See `references/review_protocol.md` for dispatch, re-verify behavior, and the
single-agent fallback. See `references/review_dimensions.md` for the reviewer
checklists. See `references/severity_rubric.md` for severity and verdict
calculation.

## Finding schema

```
- severity: high | medium | low
  dimension: research-design | evidence-sufficiency | context-communication | adversarial
  subdimension: question | scope | method | validation | claim | literature | narrative | standalone
  where:    <notebook>:<cell-or-section>  (or "project-level")
  what:     <one-sentence statement of the issue>
  why:      <which rule / reference / convention is violated, or which evidence is missing>
  fix:      <concrete remediation or follow-up question>
  blocks_supported: yes | no
```

`blocks_supported = yes` on any finding makes a `verdict = "supported"`
decision a protocol violation until the finding is resolved or explicitly
parked with a recorded reason.

## Single-agent fallback

If parallel sub-agent dispatch is unavailable, run the four reviewer groups
sequentially in four distinct passes, clearing context or re-reading the
notebook from scratch between passes. Do not collapse the groups into one mixed
review. Run the adversarial pass with the minimum bundle only.

## Common rationalizations to resist

| Excuse | Reality |
|---|---|
| "The robustness battery passes, so the research is sound" | Robustness measures stability of an implemented PnL. It cannot tell you whether the design supports the claim. |
| "The user just wants quick feedback, not a full review" | If they asked for a review, run the protocol. Quick feedback is a different prompt. |
| "I read the notebook end-to-end; that's a review" | Single-pass reading consistently misses dimensions.

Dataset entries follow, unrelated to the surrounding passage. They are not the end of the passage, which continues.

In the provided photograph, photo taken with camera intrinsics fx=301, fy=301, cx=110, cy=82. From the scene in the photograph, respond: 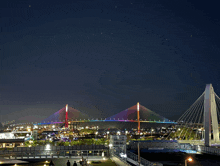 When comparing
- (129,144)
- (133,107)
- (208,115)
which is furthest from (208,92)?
(133,107)

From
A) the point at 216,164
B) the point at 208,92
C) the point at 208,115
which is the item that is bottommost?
the point at 216,164

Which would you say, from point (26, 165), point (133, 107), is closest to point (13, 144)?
point (26, 165)

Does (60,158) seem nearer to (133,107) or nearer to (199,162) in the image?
(199,162)

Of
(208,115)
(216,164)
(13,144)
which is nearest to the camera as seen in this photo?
(216,164)

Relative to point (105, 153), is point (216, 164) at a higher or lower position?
lower

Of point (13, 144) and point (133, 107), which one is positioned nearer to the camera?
point (13, 144)

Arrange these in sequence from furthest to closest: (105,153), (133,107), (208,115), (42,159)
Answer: (133,107) → (208,115) → (105,153) → (42,159)

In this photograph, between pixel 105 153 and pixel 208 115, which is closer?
pixel 105 153

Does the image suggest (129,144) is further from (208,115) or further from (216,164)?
(216,164)

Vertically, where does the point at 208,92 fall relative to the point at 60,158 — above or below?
above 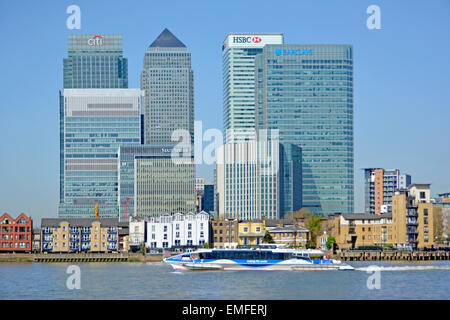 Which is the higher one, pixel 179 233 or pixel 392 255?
pixel 179 233

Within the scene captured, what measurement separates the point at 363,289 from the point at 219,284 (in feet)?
54.5

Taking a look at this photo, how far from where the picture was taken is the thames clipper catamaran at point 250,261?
119 meters

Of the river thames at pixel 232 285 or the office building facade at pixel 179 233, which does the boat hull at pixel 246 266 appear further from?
Answer: the office building facade at pixel 179 233

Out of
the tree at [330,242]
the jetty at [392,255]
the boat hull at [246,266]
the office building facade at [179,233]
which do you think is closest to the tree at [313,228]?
the tree at [330,242]

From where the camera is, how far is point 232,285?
90.5 m

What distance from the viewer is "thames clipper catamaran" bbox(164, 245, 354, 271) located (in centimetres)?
11931

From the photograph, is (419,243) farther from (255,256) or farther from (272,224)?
(255,256)

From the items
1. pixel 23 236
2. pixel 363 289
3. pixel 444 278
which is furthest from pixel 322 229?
pixel 363 289

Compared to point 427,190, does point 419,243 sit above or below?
below

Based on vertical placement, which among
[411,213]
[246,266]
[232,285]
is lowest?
[246,266]

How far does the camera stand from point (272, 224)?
194m

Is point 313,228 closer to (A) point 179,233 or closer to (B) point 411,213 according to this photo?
(B) point 411,213

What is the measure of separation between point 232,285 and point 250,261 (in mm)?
29287

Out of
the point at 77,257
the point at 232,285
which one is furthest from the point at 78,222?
the point at 232,285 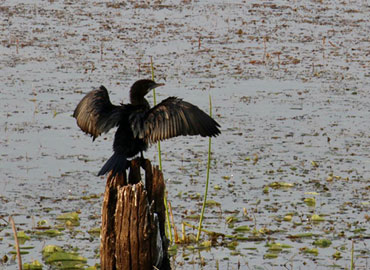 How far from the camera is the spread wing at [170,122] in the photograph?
19.7ft

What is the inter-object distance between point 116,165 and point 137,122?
1.08 feet

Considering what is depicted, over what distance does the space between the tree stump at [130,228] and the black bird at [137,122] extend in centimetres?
24

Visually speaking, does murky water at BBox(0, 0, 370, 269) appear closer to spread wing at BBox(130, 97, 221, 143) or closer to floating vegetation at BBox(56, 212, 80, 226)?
floating vegetation at BBox(56, 212, 80, 226)

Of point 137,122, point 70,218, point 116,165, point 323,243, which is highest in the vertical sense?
point 137,122

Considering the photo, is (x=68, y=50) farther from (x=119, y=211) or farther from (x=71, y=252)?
(x=119, y=211)

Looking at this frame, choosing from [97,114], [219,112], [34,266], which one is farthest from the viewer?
[219,112]

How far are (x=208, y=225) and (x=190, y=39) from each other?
984 cm

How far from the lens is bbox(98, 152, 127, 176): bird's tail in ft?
19.6

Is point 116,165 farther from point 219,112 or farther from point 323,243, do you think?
point 219,112

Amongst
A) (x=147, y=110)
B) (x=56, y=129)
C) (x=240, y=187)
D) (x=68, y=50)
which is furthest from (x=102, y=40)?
(x=147, y=110)

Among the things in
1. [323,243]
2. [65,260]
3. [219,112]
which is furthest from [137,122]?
[219,112]

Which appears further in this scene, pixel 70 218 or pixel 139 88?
pixel 70 218

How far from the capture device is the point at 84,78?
1402 centimetres

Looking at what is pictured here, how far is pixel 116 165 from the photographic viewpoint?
6.01 metres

Four focused passes keep attention narrow. |
| "The adversarial reviewer should also see the literature folder" | No. The asymmetry is the mechanism. A fully briefed adversary is no longer cold-eye. |
| "There's no decisions.md / hypotheses.md, so I can't follow the protocol" | Degrade gracefully: log the missing artifact as a finding and continue. |
| "The bug-review already ran" | Different question. `bug_review` checks correctness; experiment-review checks claim warrant. |
| "It's only a single experiment, full review is overkill" | A single experiment carrying a supported claim needs the gate most. |

## Red flags — the review is not actually being run

- A delivered review with no severity tags
- A delivered review covering fewer than four reviewer groups explicitly
- A delivered review that says "looks fine" without naming checked evidence
- The adversarial reviewer received project context, prior cycles, literature,
  decisions, hypotheses, or other reviewers' findings

## Failure mode this skill prevents

A clean implementation that produces a real number on a too-narrow universe,
with the wrong baseline, weak prior-work differentiation, and an overstated
deployment claim. The numbers can be real while the claim is unsupported.